She was steeping fruit peels in grain alcohol, adding sugar, and boiling the mixture to create new fruit flavors - lime, orange, in addition to lemon. She also devised a decadent chocolate 'cello.
Shortly, Verratti will begin selling her Pollyodd liqueurs, including a new line of refrigerated cream flavors, from a storefront at 1908 E. Passyunk Ave. in South Philadelphia. Pollyodd lemon and chocolate flavors are also sold in 32 state Wine & Spirits stores. The 750-ml bottles are priced at $23.99.
Make no mistake, folks. Pollyodd is not your nonno's limoncello. It's sweet, imparting only a hint of citrus pucker. While most limoncellos are about 32 percent alcohol, Pollyodd is 22 percent alcohol. It's a good mixer.

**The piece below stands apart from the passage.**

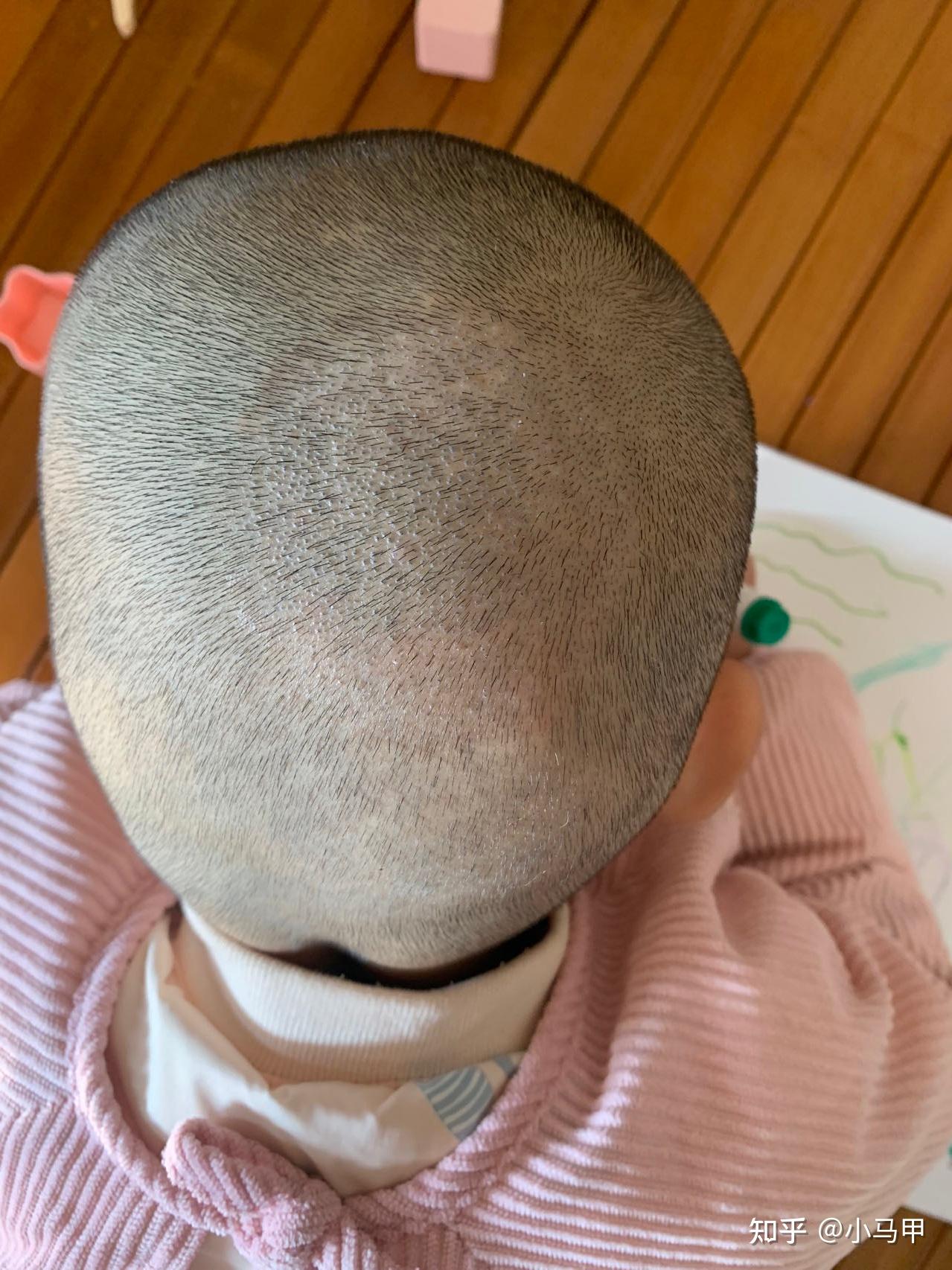 2岁女娃头癣(黑点癣)治疗过程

"This is limoncello for the American palate," said Verratti, 59, a bubbly, chatty native of Ninth and Christian who boasts that she could sell ice to Eskimos. (She even anglicizes the spelling to lemoncello.) She proudly bills herself as the country's first licensed female distiller since Prohibition. It took her several years to secure both a license from the state Liquor Control Board and a distilled-spirits permit from the Alcohol and Tobacco Tax and Trade Bureau (TTB). She and boyfriend Tom Cavaliere set up a plant in the Point Breeze neighborhood.

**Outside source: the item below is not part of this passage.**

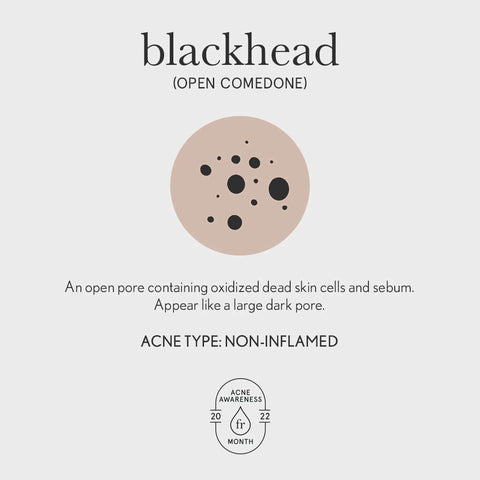 Blackhead acne illustration (Open Comedone)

Under terms of their distillery license, they can open two retail stores. For their first shop, they chose the bustling East Passyunk strip, cautioning that this is a marketing outlet, not a bar. They will sell full bottles only - not shots.
The two put a goofy humor into their work world. The business is known as Naoj & Mot, their names backward. "Pollyodd" was Cavaliere's idea. "He first heard it from his father when he was a little boy," Verratti said. "He'd come down in the morning and want to play with him, and his father would [beg off] by saying to him, 'I got pollyodd last night' - a little drunk." Verratti said pollyodd also was an admonishment: "Someone might say, 'If you don't stop, I'll give you a pollyodd.' "
Inscribed on every label is a phrase that she translates as "From my hands to your heart."
"This is all made by hand," Verratti said. "I peel by hand, I scrub all the pots."
It's also not intended as her path to riches, she said, without divulging her investment. "I'm not looking to hit the big time," she said. "I'm happy enough to pay my bills." She also wants to fund a scholarship in the name of her son, Thomas J. Verratti III, who was 19 when he died in 1997.
"This is a labor of love," she said. "It's not about the money."